According to the African Development Bank, Africa is faced with a huge infrastructure development problem with almost $100 billion needed annually for the next five years to fill the gap.
It is estimated that only 34 percent of people living on the continent can access roads, compared to over 50 percent in other developing regions like Asia and Latin America.
The proportion gets even lower when it comes to land under irrigation and national electrification.
Matthew Kofi Ocran, an economics professor at University of the Western Cape in South Africa says that even with China’s increased support in developing key infrastructure in countries like Kenya, Ethiopia, Zambia and Zimbabwe the gap is far from being filled.
Ocran suggests that African governments should turn their focus to it capital markets to help it bridge this divide.
“Sourcing funds for huge infrastructure development in Africa has always been fraught with difficulties,” he said in an opinion piece published by Times Live.
“One major challenge is that the multilateral development finance institutions, which are dominated by the rich western countries, often impose stringent policy conditions to loans.”

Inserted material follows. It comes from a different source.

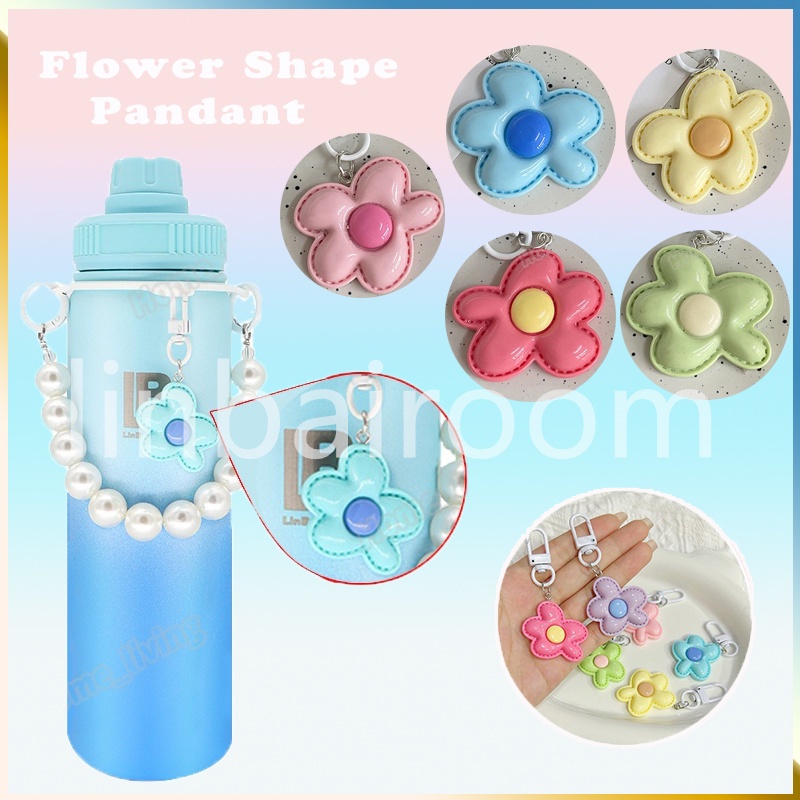 LinBaiflask Accessories Water Bottle Handle Rope Pandant Flower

While international financial institutions like the world Bank, Africa Development Banks and the recent BRICS Development Bank have over the years injected capital in some infrastructure projects, Ocran says “funding required to close the infrastructure gaps is simply not available on the balance sheets”.
“The needs of Africa are also too many, including social needs in health, education and governance, for such institutions to ignore in favor of physical infrastructure projects.

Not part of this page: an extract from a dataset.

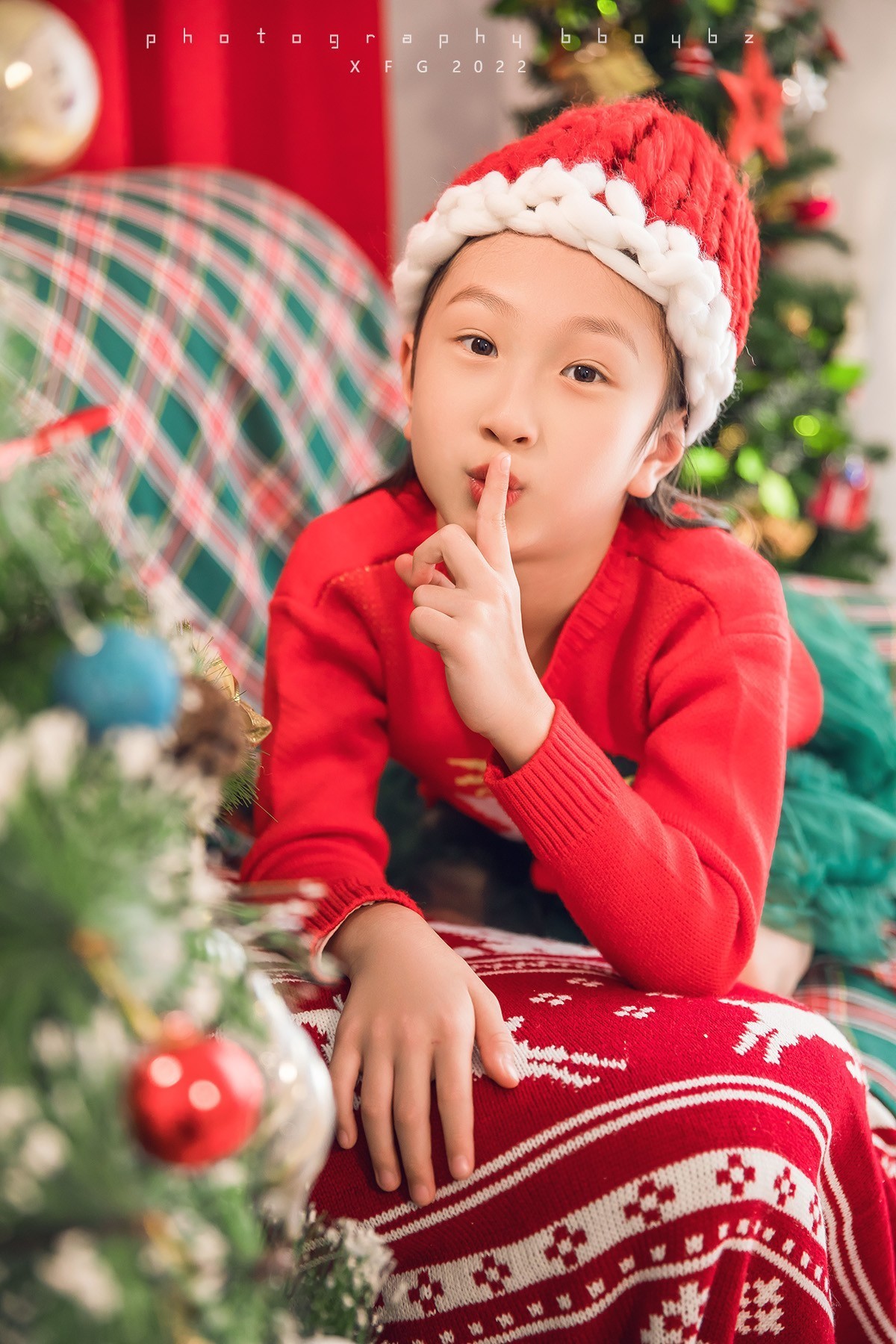 圣诞写真。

The truth is that the old approach of countries relying heavily on multilateral and regional development finance institutions to fund infrastructure is unworkable. It is also incapable of closing the huge financing gap,” he said.

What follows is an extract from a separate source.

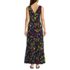 Women's Petite Cotton Modal Embellished Trim Maxi Dress, Back
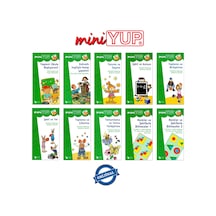 Yeni Mini Yup 6+ Eğitim Seti Kitapçıkları Kontrol Kutusuz Sadece Kitaplar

“In fact, neither the old nor the new institutions have the risk appetite for the kind of investments needed.”
To solve this Ocran suggests that more African countries need to get sovereign rating and tap the international bond markets for infrastructure funding. According to him, global markets provide a viable source of long term capital
“Local debt markets are shallow or non-existent,” he added.
already 12 sub-Saharan Africa countries have got their ratings, with most of them going for sovereign bonds.
” Countries have to be encouraged to go to international capital markets to raise funds for projects. And these funds should not be used to finance consumption but should be channeled directly into the financing of much-needed economic infrastructure.”